June 7th will be Bandcamp Friday this month and my hope is to send our readers to a website that all fans of hot jazz, ragtime, or swing, should be making a BIG part of their lives. The best of our music is self-produced, and even those handful of albums that have support from a small label are usually available to hear and download on Bandcamp. Yes, hear. On Bandcamp almost everyone allows you to listen through their whole album a couple times before prompting you to fork over some cash (pretty please). It is a necessary concession to the streaming audience.
Without the risk and expense of a physical release, with modern editing tools eliminating the necessity of studio time, and with the continuation of remote collaborations bringing artists together worldwide, Bandcamp is a large part of a Rennaisance in traditional jazz records releasing at a rate that our reviewers cannot keep up with. I cover ~50 albums a year. My backlog is over 200 albums deep. Albums YOU would love, and I will likely never get to for reviews.
Bandcamp.com is your chance to find those albums and hundreds of others. If you buy something and enjoy it, please consider writing a review that The Syncopated Times can run for our readers. We’d be delighted to hear your take.
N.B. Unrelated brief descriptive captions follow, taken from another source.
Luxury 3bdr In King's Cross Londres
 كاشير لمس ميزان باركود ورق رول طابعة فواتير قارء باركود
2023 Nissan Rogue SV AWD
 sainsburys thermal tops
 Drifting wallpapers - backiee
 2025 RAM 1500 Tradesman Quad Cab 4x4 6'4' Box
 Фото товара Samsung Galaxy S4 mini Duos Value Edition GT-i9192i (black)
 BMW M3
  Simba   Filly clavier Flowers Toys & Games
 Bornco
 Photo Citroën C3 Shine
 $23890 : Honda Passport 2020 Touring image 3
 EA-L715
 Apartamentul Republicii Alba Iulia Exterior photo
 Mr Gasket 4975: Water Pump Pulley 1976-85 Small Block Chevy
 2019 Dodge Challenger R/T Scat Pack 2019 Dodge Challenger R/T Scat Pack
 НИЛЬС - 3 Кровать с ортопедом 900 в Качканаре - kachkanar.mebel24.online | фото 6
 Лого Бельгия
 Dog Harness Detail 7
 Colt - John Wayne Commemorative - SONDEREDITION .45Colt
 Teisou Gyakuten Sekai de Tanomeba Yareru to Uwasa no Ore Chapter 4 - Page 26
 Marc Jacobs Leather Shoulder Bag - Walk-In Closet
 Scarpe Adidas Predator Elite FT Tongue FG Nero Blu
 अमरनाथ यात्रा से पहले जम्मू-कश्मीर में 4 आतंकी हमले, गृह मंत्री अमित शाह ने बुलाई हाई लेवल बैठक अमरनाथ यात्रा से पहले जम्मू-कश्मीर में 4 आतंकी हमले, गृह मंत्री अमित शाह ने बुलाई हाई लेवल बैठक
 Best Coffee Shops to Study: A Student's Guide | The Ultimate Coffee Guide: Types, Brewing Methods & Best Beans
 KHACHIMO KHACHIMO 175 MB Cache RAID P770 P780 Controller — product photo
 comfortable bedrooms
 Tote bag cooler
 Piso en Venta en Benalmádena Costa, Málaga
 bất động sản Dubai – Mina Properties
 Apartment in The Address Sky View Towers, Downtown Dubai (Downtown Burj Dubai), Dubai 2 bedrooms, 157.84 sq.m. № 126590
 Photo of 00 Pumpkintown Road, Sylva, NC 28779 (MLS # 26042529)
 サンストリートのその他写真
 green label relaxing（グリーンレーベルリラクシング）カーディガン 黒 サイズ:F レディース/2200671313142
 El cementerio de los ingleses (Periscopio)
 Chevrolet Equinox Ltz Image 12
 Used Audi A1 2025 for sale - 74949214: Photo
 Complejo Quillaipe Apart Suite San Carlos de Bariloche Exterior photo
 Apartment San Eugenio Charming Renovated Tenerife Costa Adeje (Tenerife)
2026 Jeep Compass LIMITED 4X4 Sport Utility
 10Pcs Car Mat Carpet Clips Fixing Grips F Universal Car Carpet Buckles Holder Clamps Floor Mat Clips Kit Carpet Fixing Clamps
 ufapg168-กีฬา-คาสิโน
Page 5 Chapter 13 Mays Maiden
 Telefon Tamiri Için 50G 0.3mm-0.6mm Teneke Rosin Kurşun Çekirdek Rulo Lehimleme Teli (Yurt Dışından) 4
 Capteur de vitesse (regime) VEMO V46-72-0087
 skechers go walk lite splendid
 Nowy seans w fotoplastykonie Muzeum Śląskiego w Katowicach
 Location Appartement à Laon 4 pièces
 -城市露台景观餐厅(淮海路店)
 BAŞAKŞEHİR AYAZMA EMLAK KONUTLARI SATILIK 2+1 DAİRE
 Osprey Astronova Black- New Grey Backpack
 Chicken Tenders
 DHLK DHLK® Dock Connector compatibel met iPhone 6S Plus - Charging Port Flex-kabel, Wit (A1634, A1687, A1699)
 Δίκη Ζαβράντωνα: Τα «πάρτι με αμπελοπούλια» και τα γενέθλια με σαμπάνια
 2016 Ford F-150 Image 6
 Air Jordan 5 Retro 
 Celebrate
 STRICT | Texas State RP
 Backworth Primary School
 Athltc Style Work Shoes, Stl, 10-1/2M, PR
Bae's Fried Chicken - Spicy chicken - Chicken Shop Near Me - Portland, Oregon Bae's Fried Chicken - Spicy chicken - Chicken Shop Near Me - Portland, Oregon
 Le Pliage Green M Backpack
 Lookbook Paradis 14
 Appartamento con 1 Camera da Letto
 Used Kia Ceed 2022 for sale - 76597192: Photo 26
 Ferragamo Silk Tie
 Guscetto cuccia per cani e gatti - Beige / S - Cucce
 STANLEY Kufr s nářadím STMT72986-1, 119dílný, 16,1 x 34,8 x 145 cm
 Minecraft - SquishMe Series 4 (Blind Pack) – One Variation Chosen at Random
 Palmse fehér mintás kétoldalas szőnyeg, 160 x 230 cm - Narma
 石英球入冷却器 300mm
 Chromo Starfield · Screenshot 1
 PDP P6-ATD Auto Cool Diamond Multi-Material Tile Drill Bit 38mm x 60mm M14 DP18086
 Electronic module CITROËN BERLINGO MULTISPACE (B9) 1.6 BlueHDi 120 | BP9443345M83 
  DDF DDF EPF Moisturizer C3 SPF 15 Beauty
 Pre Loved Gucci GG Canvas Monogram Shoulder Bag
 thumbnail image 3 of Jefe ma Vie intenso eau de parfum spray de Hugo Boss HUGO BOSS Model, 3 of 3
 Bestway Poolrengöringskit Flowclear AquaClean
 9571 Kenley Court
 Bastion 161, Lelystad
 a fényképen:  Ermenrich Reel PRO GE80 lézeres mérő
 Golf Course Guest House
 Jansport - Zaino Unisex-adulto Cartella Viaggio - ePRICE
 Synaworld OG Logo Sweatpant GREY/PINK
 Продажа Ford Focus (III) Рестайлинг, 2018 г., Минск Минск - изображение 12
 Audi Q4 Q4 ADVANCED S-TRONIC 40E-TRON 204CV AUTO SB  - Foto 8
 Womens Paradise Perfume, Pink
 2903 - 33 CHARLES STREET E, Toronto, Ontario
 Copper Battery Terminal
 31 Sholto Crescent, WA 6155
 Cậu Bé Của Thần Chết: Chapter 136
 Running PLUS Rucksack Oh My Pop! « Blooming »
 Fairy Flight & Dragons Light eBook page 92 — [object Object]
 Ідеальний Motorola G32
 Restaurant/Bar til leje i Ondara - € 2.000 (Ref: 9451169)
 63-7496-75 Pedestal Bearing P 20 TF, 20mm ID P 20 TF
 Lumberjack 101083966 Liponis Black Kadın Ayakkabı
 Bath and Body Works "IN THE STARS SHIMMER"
What is Bandcamp Friday? On the first Friday of every month, the platform waves the fees for creators and they get 100% of their sales. On our own Bandcamp Page, we have collected 945 albums for you to explore, nearly all of them from living, working, traditional jazz, swing, and ragtime artists released in the last decade. Most are available to stream in full before buying. Many artists have other albums posted that are not in our list.
While many of the albums available on Bandcamp do have a CD or vinyl available, others are download only. CDs make up about 2% of the record market in dollars, and account for far less than 1% of actual listening time. No one in 2024 should consider an album without a physical version less worthy of purchase.
Sadly, downloads, where you own rather than stream a record, are the smallest part of the market. Smaller even than CD and vinyl sales. People resist paying for a download when streaming is “free”. But when you buy a download, not only do you own the album, the artist receives the equivalent income of thousands of plays on Spotify or YouTube. Bix and Louis will do just fine without your album purchase, stream away, but the hardworking musicians clawing out a living with live gigs feel encouraged and fortified with each download album sale.
Another benefit is that the album will always be available to you, regardless of programming changes at streaming platforms. Because of band breakups two of my favorite albums of the last several years are no longer available for streaming or purchase anywhere, but I still have them on my hard drive. The same ownership you get with a DVD or CD also comes with a purchased download.
Please help normalize owning digital albums from independent bands. Show off your paid for download collection the same way you would LPs. Many Bandcamp albums can be downloaded for $10 or less.